### Provided data
Start of Block
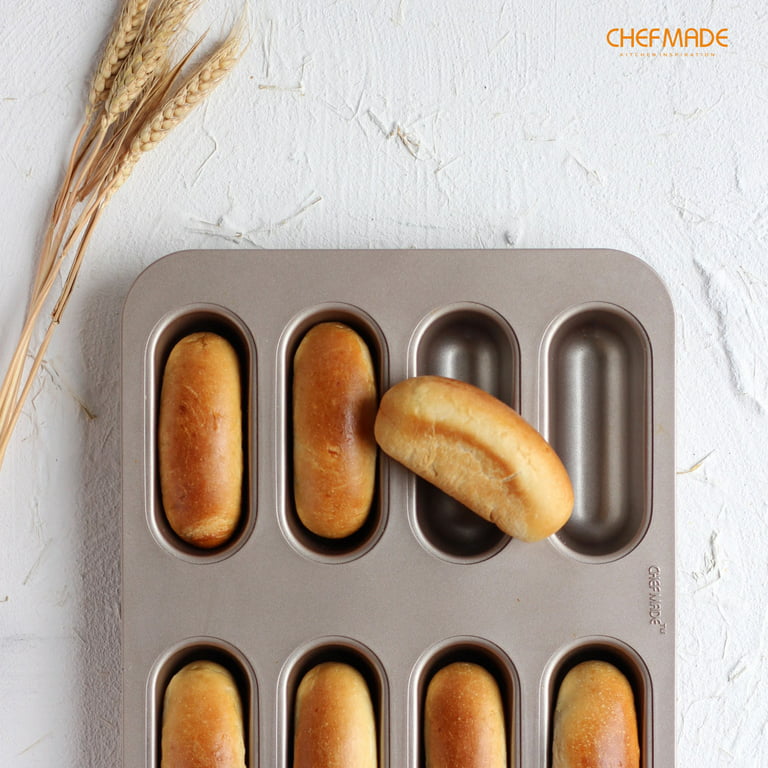 CHEFMADE Mini Muffin Pan, 12-Cavity Non-Stick Mini Cupcake Pan Bakeware for Oven Baking (Champagne Gold)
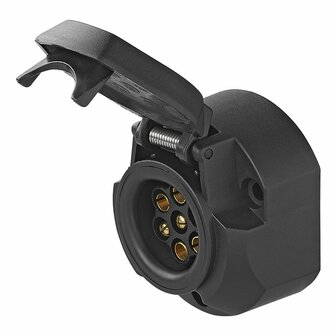 Regleta de enchufes de PVC de 7+1 polos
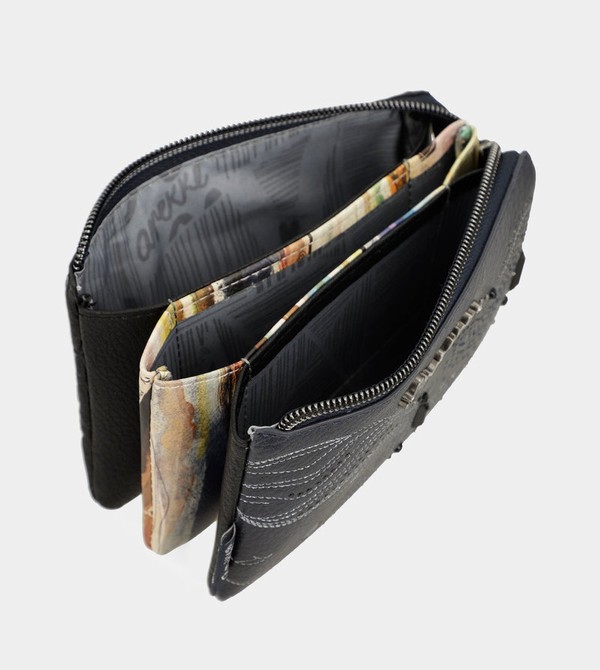 Anekke Studio Navy Blue Triple Coin Geldbörse | 5498-MPKYN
End of Block
### What is required
The data shown above must be printed again exactly, with no images included.

### Exercise result
 CHEFMADE Mini Muffin Pan, 12-Cavity Non-Stick Mini Cupcake Pan Bakeware for Oven Baking (Champagne Gold)
 Regleta de enchufes de PVC de 7+1 polos
 Anekke Studio Navy Blue Triple Coin Geldbörse | 5498-MPKYN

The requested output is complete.